Initially, Tanchuk said, Ormet is going to shut down two of the six potlines at the Hannibal facility as the company continues searching for alternatives to its power supply problems. The rate increase – which AEP officials acknowledge will occur while declining to confirm its amount – is the result of a recent ruling by the Public Utilities Commission of Ohio.

Earlier this month, the PUCO decided to freeze AEP’s base generation rate at current levels until May 31, 2015. Under the terms of the order, AEP is directed to file with the PUCO a detailed competitive bidding process by Dec. 31. Customers will still see a 6 percent to 7 percent increase in monthly bills this year, but no resident or business will be responsible for more than a 12 percent increase.

Tom Byers, president of United Steelworkers Local 5724 at Ormet, said both potlines set for shutdown should be out of operation by the end of today. He emphasized Tuesday, though, that no one has been laid off to this point.

“We are just trying to get a handle on all of this. The ultimate outcome may not be good if the power rates go up by that much,” Byers said.

The WARN notice states the first round of job cuts will take place by Sept. 18, with the remainder to take place by the end of the year. It further states the “curtailment of operations and reduction in force is expected to be indefinite.”

“The current aluminum market and the dramatically increasing cost of electricity in Ohio have forced us to make additional reductions in operating levels at the Hannibal operation. The people of Ormet and the surrounding communities are very grateful for the support we have received in the past from our energy contract,” Tanchuk added Tuesday.

AEP Ohio spokesman Jeff Rennie said this energy contract has afforded Ormet discounted rates since October 2009. He said his company has been “incredibly supportive of Ormet with their very attractive electric rate arrangement …”

“We understand the challenges that rate increases can have on Ormet, given how difficult conditions are today in the global aluminum market. However, the majority of the nominal increase in AEP Ohio’s rates is for recovery of the cost of power generation fuel that was used by Ormet and other customers but has not yet been recovered, and other investments in the electric infrastructure that support our customers and Ohio’s energy economy,” Rennie said.

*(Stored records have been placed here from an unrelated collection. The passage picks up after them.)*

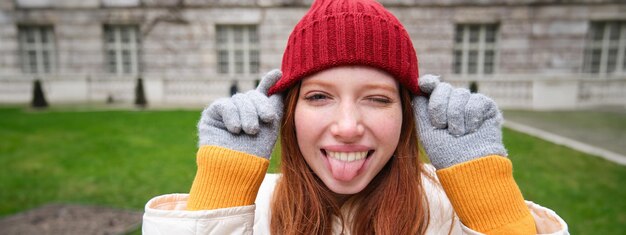 Portrait of funny and cute redhead girl puts on red hat shows tongue and winks at camera smiles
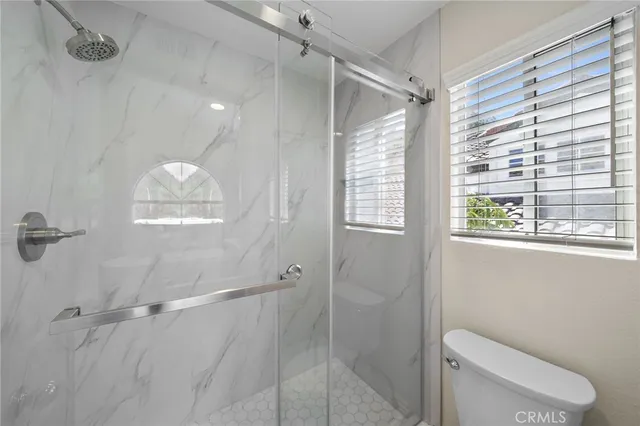 a bathroom with a toilet and a shower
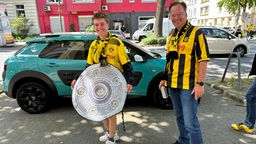 Zwe Dortmund-Fans aus Frankfurt haben eine Papp-Meisterschale in der Hand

AEP announced plans last year to close the Kammer Plant south of Moundsville, citing increased air pollution regulation by the U.S. Environmental Protection Agency. The Kammer facility opened in the late 1950s, primarily for the purpose of supplying electricity for the Ormet plant, though it does not do this anymore. Rennie said the closing of the Kammer Plant – slated to be complete by June 1, 2015 – has nothing to do with the Ormet situation. He said Ormet would need to ask the PUCO for more assistance with power rates if the company needs it.

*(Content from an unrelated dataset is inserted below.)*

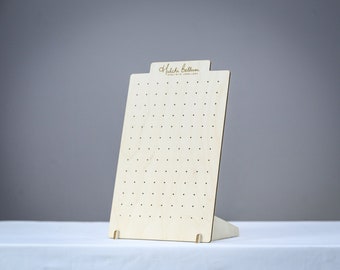 Puede incluir: Un expositor de pendientes de madera con un acabado en madera clara y un fondo blanco. El expositor tiene una base rectangular y un panel vertical con agujeros espaciados uniformemente para sujetar los pendientes. El expositor está etiquetado con "Hulachi Bellum Handmade Jewellery".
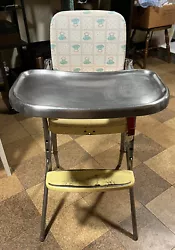 This vintage 1950’s-60’s Cosco folding high chair features a sturdy metal frame and removable tray & footrest. Seat...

Ormet posted a $1.1 million net loss for the first three months of 2012, but company officials spent $1.9 million during that time to reline 22 pots at the Hannibal facility. In the first three months of the year, workers shipped 67,981 metric tons of product, compared to 58,079 tons during the same time in 2011.

Tanchuk also said the actions taken at Hannibal could impact the operating level of Ormet’s Burnside Louisiana refinery, affecting an additional 252 employees there.